Suatu sore saya sengaja berkeliling sebentar mengelilingi jalan-jalan kota Medan dengan betor yang dikemudikan Bang Ulil. Si Abang ini lincah sekali berkelit di antara mobil-mobil yang lalu lalang di jalan. Sampai-sampai penumpangnya harus menahan napas ketika betor yang dibawa Bang Ulil berhadapan dengan angkutan umum yang juga tak kalah lincah. Sudah setahun Bang Ulil menarik betor. Sebelumnya ia bekerja di Malaysia sebagai TKI. Lelaki asli Medan ini sehari ia harus setor pada pemilik betor sejumlah 25.000 Rupiah. Bensin yang ia apakai selama menarik sekitar 20.000 Rupiah. Sisa pembelian bensin dan makan ia bisa bawa pulang sebagai penghasilan satu hari. Tarif betor bervariasi, tergantung hasil negoisasi antara pengemudi betor dan calon penumpangnya. Untuk jarak sekitar lima sampai 10 meter sekali jalan berkisar 5.000 Rupiah hingga 10.000 Rupiah. Jarak jauh bisa mencapai 25 ribu Rupiah.
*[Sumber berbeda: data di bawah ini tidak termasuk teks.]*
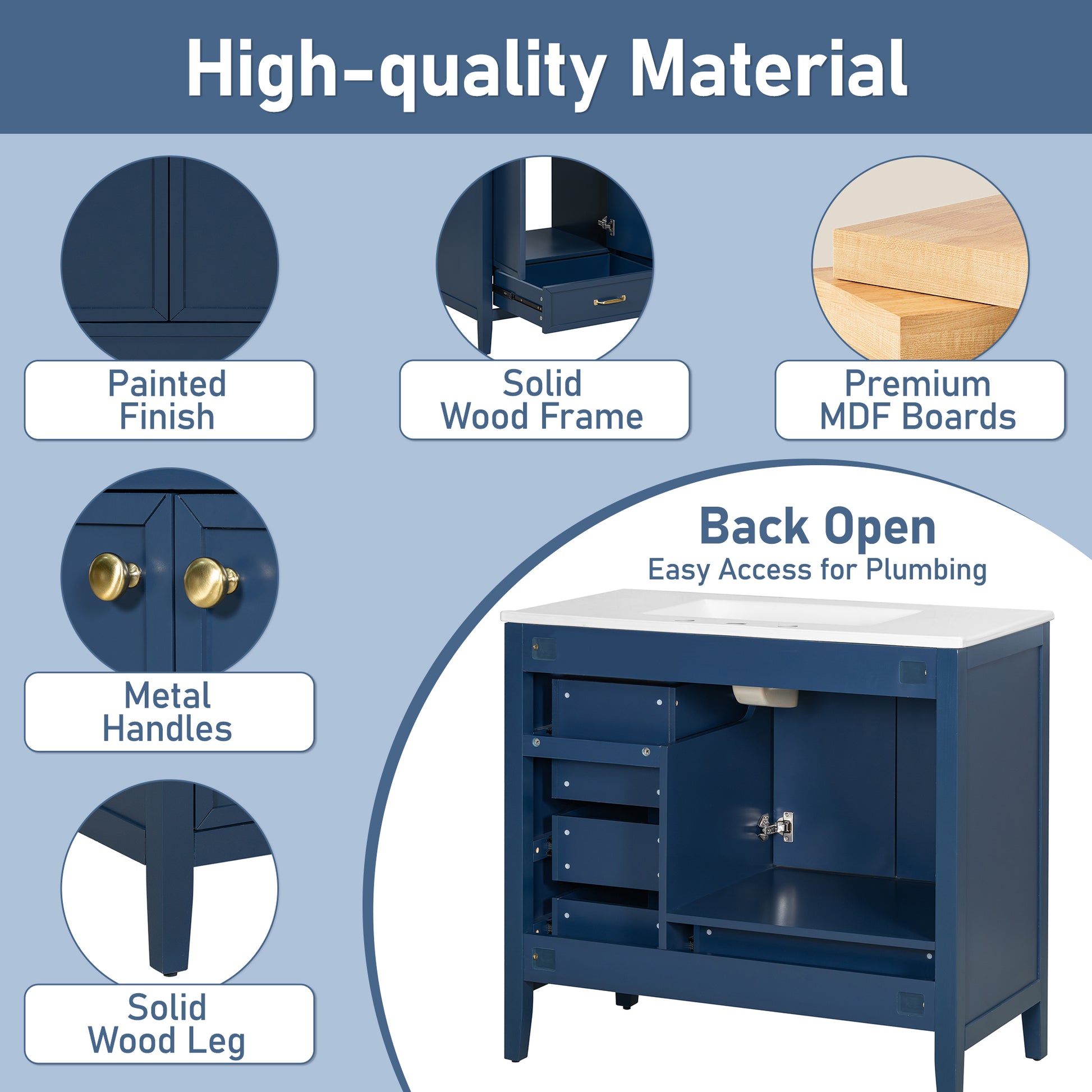 36" Bathroom Vanity with Sink, Bathroom Cabinet with Soft-Closing Door, 4 Drawers of Different Sizes, Solid Wood Frame and Leg, Two Packages, Blue image 11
Tidak cuma sekali itu saya naik betor selama di Medan. Mumpung di Medan, saya pun naik betor yang dikemudikan Pak Nurlah ke tempat penangkaran buaya di Asam Kumbang, Kecamatan Meda Selayang. Dibanding taksi, naik betor lebih murah. Lagipula kemarinnya saya naik taksi malah dikibulin sama Bang Supir. Saya pikir jaraknya jauh, mau aja digetok 50 ribu. Tak tahunya, jarak yang sama dengan betor cuma delapan ribu rupiah saja.
Oh ya, betor termasuk angkutan umum yang fleksibel. Dia bisa mengantar penumpangnya kemana saja, sepanjang jalan yang dilaluinya bukan larangan untuk betor dan becak kayuh. Pak Nurlah baru sembilan bulan menarik betor di usianya yang tidak muda lagi, sekitar 50-an tahun. Pria separuh baya asal Minang ini bahkan sebelumnya lama tinggal di Jakarta, ikut membantu kerabatnya yang membuka Rumah Makan Padang di Pondok Gede. Sama seperti Bang Ulil, Pak Nurlah pun setor sehari 25.000 Rupiah kepada pemilik betor.
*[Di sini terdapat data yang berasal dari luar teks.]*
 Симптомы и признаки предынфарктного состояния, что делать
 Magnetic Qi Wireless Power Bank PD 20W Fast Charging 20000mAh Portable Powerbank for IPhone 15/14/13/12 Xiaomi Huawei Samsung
Yang lebih beruntung mungkin Pak Sihombing. Lelaki tua yang mengaku berumur lebih dari 60 tahun ini sudah 40 tahun menjadi penarik betor. Kendaraan yang sekarang dipakainya ini adalah miliknya pribadi, sehingga ia tidak merasa dikejar-kejar setoran. Sehari-hari Pak Sihombing mangkal di depan hotel Danau Toba, Medan. Dia menarik betor sejak usia belasan tahun, sehingga sudah hapal seluk-beluk jalan-jalan di kota Medan.
Namun disayangkan, beberapa tukang betor yang ugal-ugalan membuat beberapa pihak tidak simpatik terhadap keberadaan betor. Mereka dianggap pengganggu kelancaran lalu lintas. Padahal banyak kaum ibu dan anak-anak yang menggunakannya. Entah ke pasar, toserba, atau sekolah. Banyak murid TK dan SD dalam rombongan kecil menggunakan betor untuk ke sekolah atau pulang ke rumah mereka. Dalam satu betor bisa lima sampai enam murid SD atau TK.
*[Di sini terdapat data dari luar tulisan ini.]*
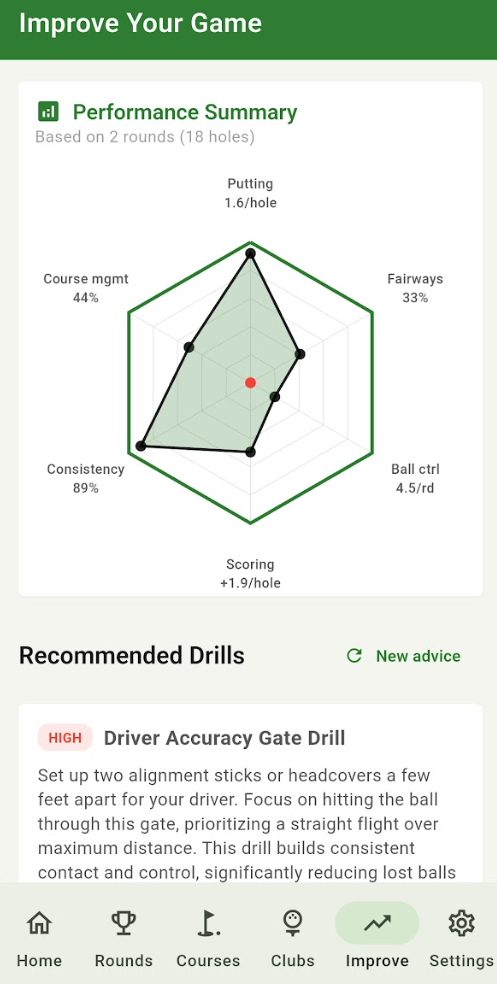 Improve Your Game   Planner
Becak motor dan becak kayuh bagaimanapun sudah menambah ciri khas kota Medan khususnya, dan Sumatera utara umumnya. Seperti halnya delman sebagai ciri khas kendaraan tradisional di Jawa yang makin lama makin berkurang jumlahnya karena terlindas kemajuan zaman. Uniknya, ada beberapa becak motor atau kayuh di Medan yang bagian belakangnya tertulis “Becak Motor Wisata”.